Tweeting Beer Dispenser Requires Co-worker Approval

tweeting-beer-dispenser

Having been faced with an empty beer fridge one too many times the team at Metalworks came up with an approval system for dispensing malted beverages. The trick was to remove the physical controls on a can dispenser. The only way you can get a cold one is to ask the machine via its twitter account. If there’s beer inside, it waits for one of your approved co-workers to give the go-ahead.

There are two versions of the machine. The first is a hacked refrigerator with a dispenser hole cut in the door. This resides in their Sydney office, apparently doesn’t work all that well, and is only shown in the video after the break.
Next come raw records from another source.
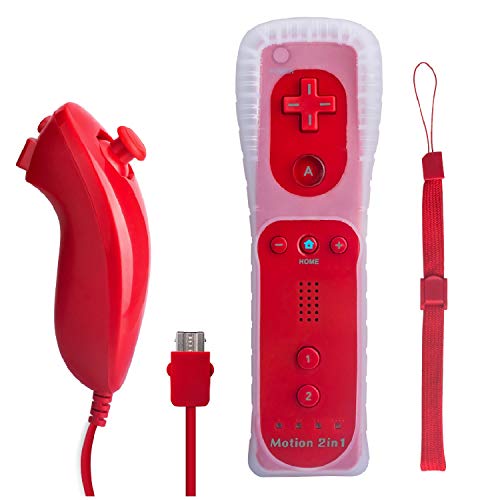 TechKen Wii Remote Controller with Built-in Motion Plus and Nunchuk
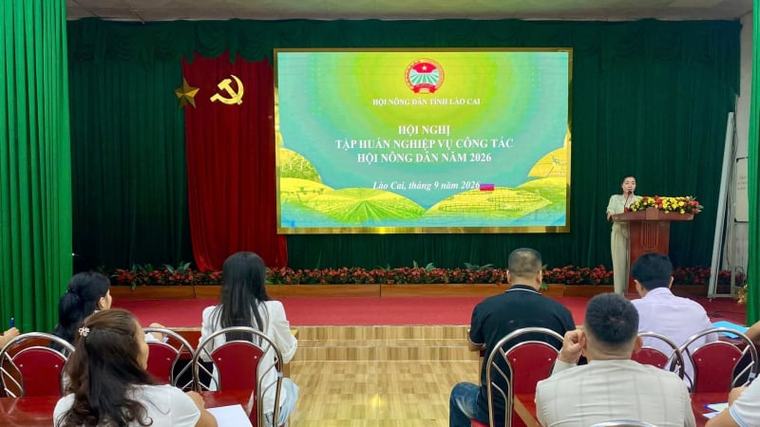 Hội Nông dân Lào Cai nâng cao nghiệp vụ cho cán bộ Chi hội, Tổ hội Nông dân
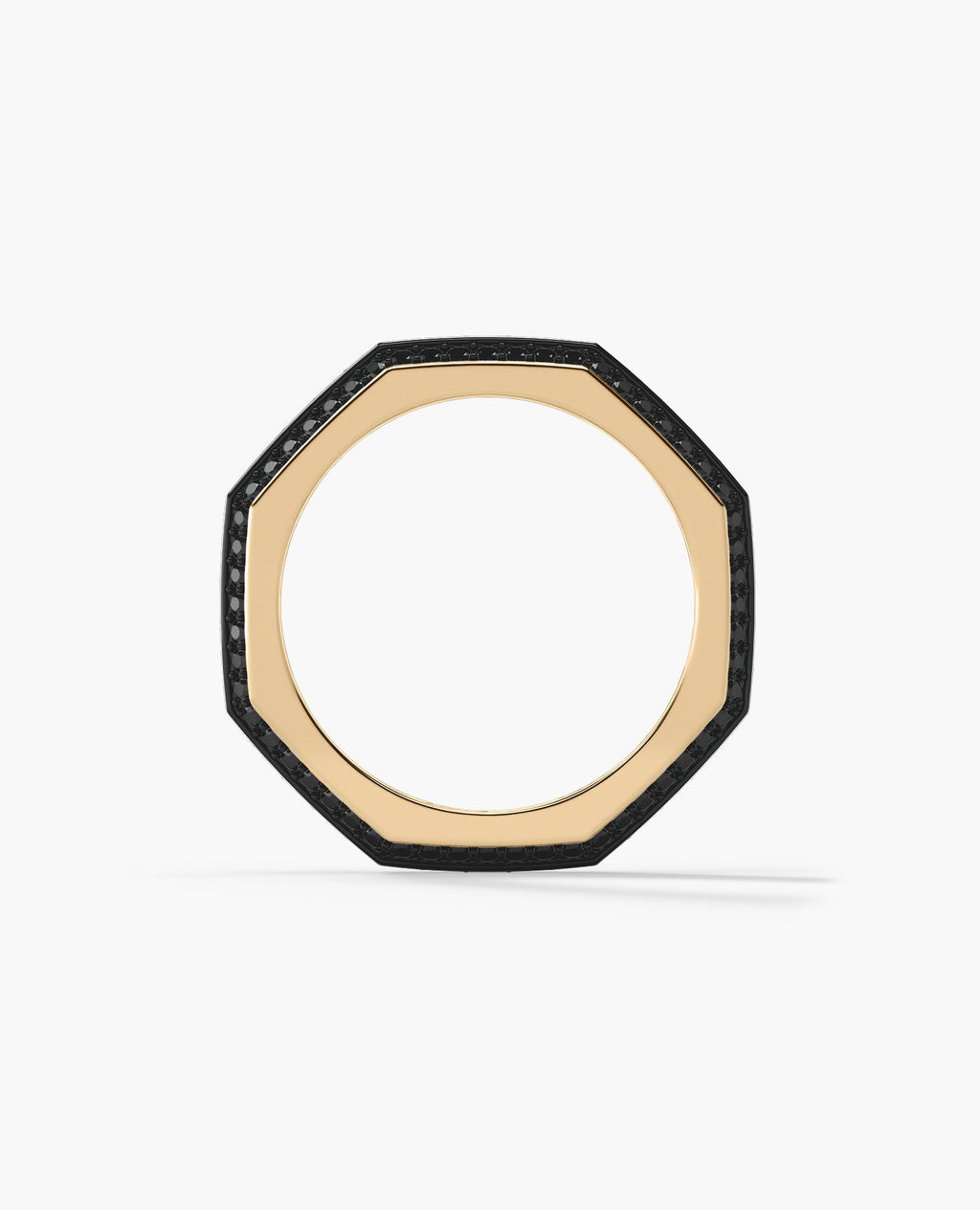 LINCOLN Gold Ring with 1.65ct Black Diamonds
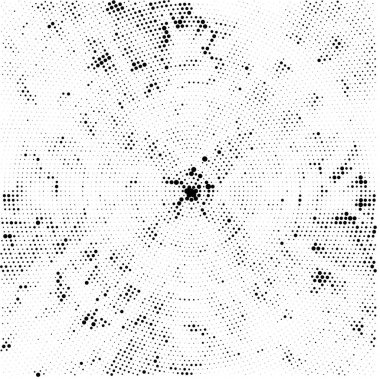 Siyah ve beyazın Grunge arka planı. Soyut monokrom dokusu. Vintage elementler lekeler ve çatlaklar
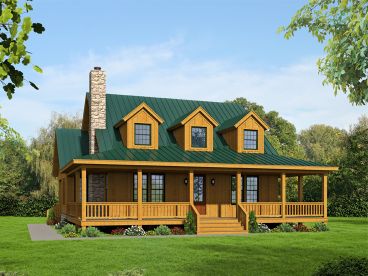 Country House Plan, 062H-0225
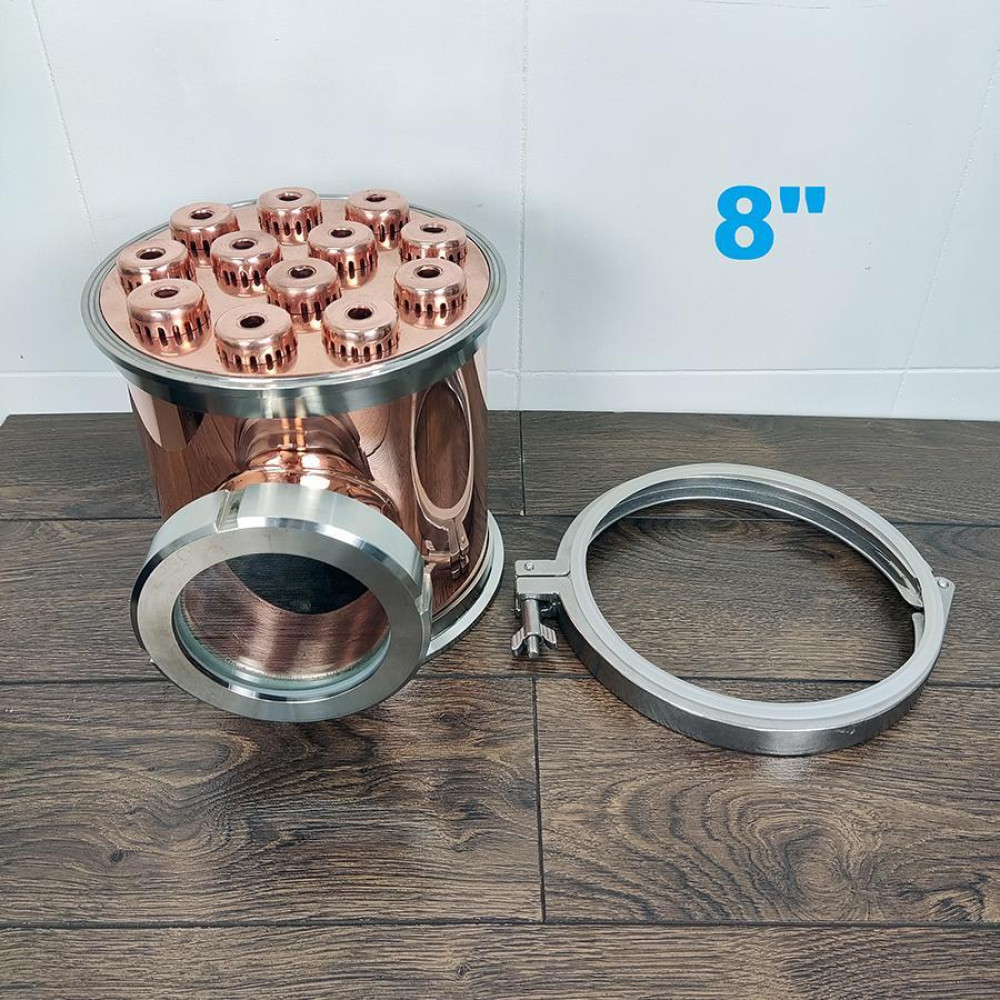 Мідний рівень 8 дюймів для тарілчастої мідної колони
The image above is version 2.0 which is located at their Singapore branch. It’s a much smaller device, but works very well since it started as a commercially available can dispenser. You can see the Arduino Leonardo and breadboard which make up the driver circuits.

There aren’t a ton of details on this, but it’s not hard to find about a million examples of an Arduino using Twitter. Here’s one that takes Morse code as an input and posts the message as a Tweet.

http://www.youtube.com/watch?v=OapSmcw7MmY

6 thoughts on “Tweeting Beer Dispenser Requires Co-worker Approval

  1. Thanks for the write-up, Mike. The trick was to use a Rails app to handle some of the more complex authorisation and parsing of Twitter’s realtime Stream API – all of this proved too complex for Arduino.

    Another learning is that JSON parsing of the Cosm.com (formerly Pachube) API via Arduino’s HTTPClient is buggy. The HTTP headers can be difficult to parse reliably, so we’ve found that MQTT via Cosm is a much more reliable, stable protocol for basic InternetOfThings communications.

  2. Wow, nice build. First thing, however, is how can I get a job at this place where you can drink beer at work? It takes care of one of the three aspects of my perfect job. Now, if you tell me they sit on the couch and play video games, then it would be my perfect job (taking care of the other two aspects of the perfect job).
    Thanks for the heads up on Cosm also.